Oil and gas landmen often work long, irregular hours to fulfill their duties. While this sub-field generally compensates experienced workers well, there are plenty of drawbacks to it as well. For starters, oil and gas landmen must deal with a variety of tax issues that workers in other fields simply don't have to consider. Learn more about how the IRS expects landmen to complete their taxes and what steps said workers can take to reduce or mitigate their tax burdens.
How Does the IRS Regard Landmen?
With regards to the employee status of oil and gas landmen, there is some tension between the IRS and this community of workers. Historically, landmen have been regarded as independent contractors who maintain business relationships with multiple drillers, landowners and energy firms. Over the past decade, however, consolidation in the exploration business and practical considerations on the part of landmen has led many professionals to reserve the bulk of their services for one or two individual oil and gas businesses. This shift has encouraged the IRS to audit "exclusive" landmen at higher rates and subject their generous business deductions to stricter scrutiny.

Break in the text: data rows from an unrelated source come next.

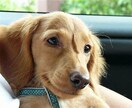 ペットロス。あなたの心を癒します 愛犬を8回亡くした私が貴方のペットロスの気持ちに寄り添います イメージ6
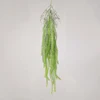 Verde 14#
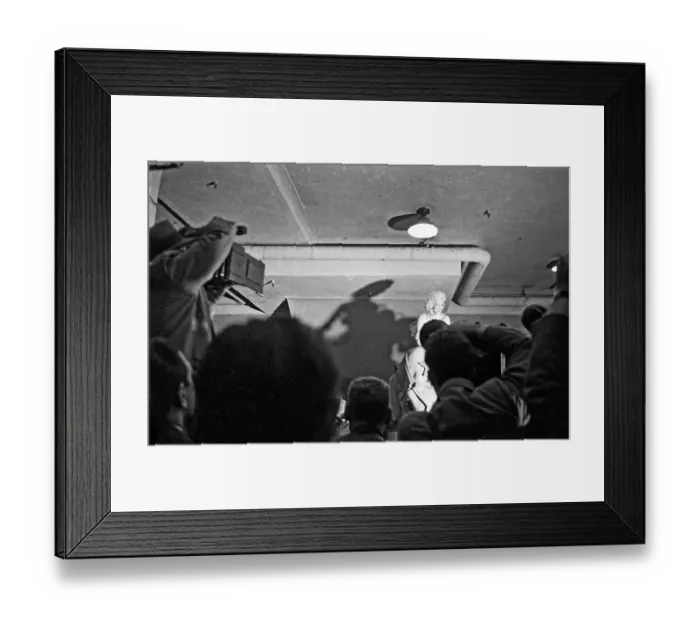 Framed Print : Marilyn Riding A Pink Elephant Framed Print : Marilyn Riding A Pink Elephant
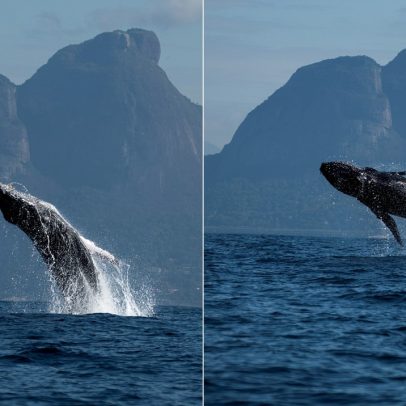 Fotógrafo captura imagem impressionante de baleia saltando com Pedra da Gávea ao fundo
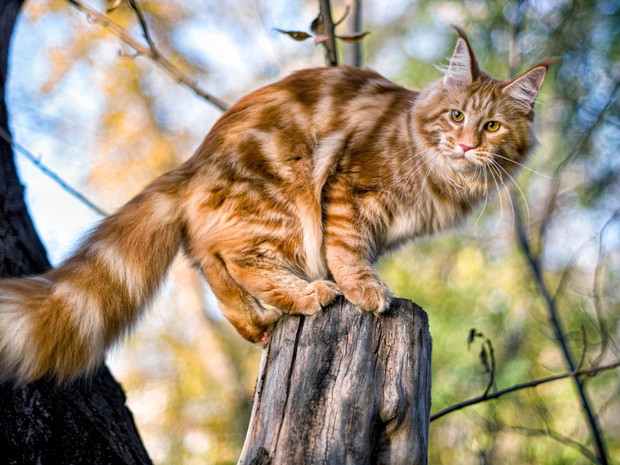 Największe koty domowe: Maine Coon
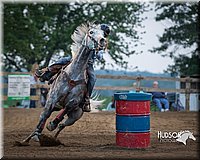 13. Clover Leaf Barrels Horse - Sr. Rider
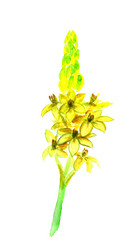 Similar image 6712692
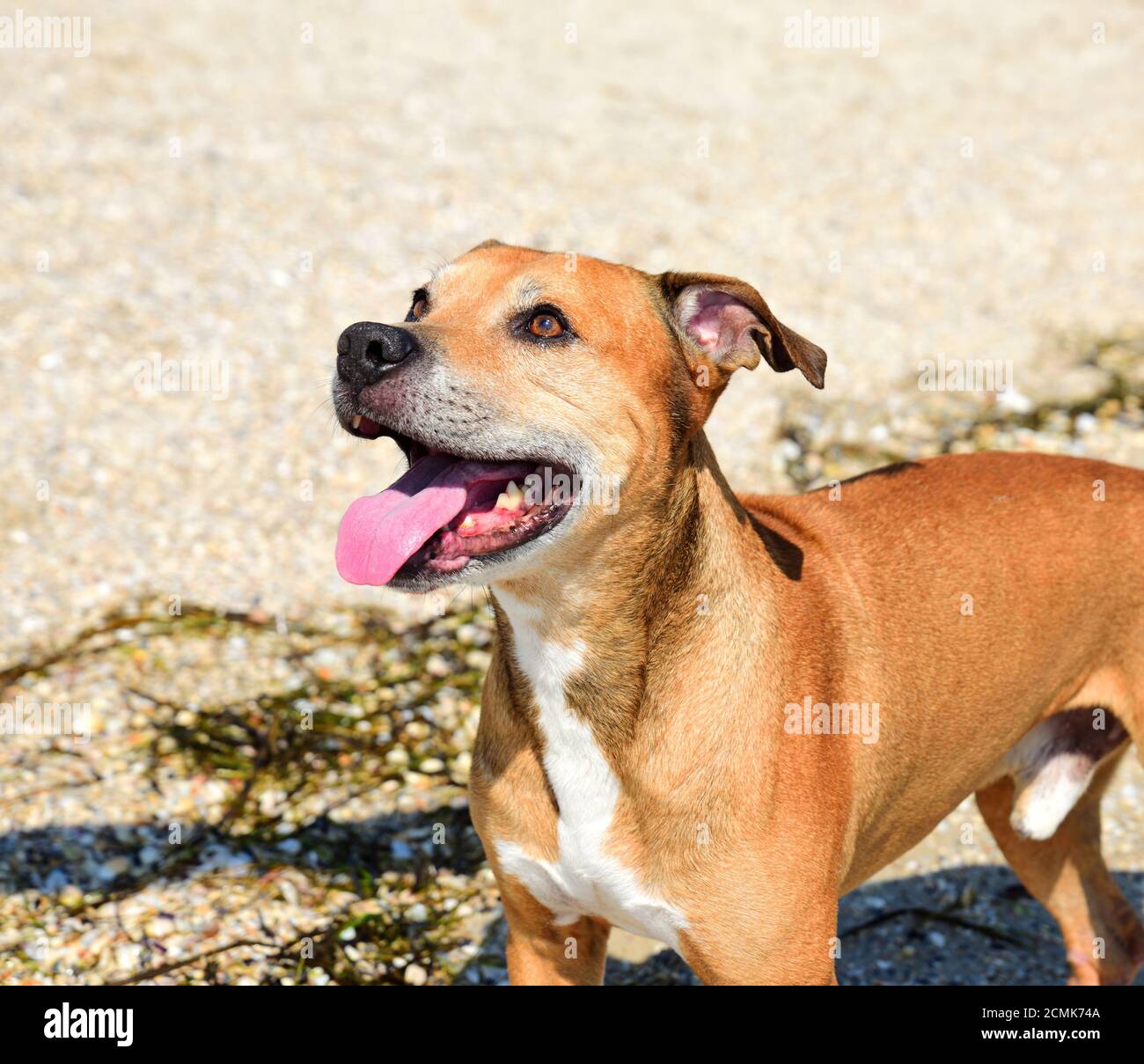 Red Haired American Pit Bull Outdoors Stock Photo Alamy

Determining Employee Status
Under the IRS's current legal framework, landmen who perform exclusive work for a single oil and gas firm over long periods of time are considered employees of said firm by default. Landmen who wish to challenge this status must be able to prove that they contract with multiple partners, are under no obligation to follow specific directives, have the ability to delegate their work and are not required to perform their work at a specific location. Certain other considerations may come into play as well.
Although employee status confers plenty of benefits, many oil and gas firms won't work with landmen who have been deemed to be full-time employees by the IRS. Moreover, independent contractor status allows landmen to claim certain deductions and credits that aren't available to regular employees.
Common Methods for Reporting Income and Expenses
Since landmen who operate as independent contractors preside over a small but functional business enterprise, it's crucial that they understand how to report and frame their profits, losses and expenses. Some common methods for reporting income and expenses include:
- Completed contract: Income must be reported for the tax year in which a long-term contract is completed or terminated.
- Exempt percentage completion: Income is reported on a "rolling" basis via a calculation that multiples the total value of the contract by an accurately determined "completion percentage."
- Accrual method: Income is reported in real time through point-of-payment logging of income, expenses and administrative costs.
Important Business Tax Deductions
Landmen who work as independent contractors can take advantage of a complex but generous framework of deductions and credits. Some of the most popular include:
- A home-office deduction that allows landmen who work out of a residential office to deduct a portion of their rent or mortgage payments
- A travel expense deduction that applies to landmen who work on short-term projects
- Deductions for meals and incidental expenses that arise in the course of a project
Several other deductions may apply to landmen in specific circumstances. It's best to check with a tax professional to determine eligibility.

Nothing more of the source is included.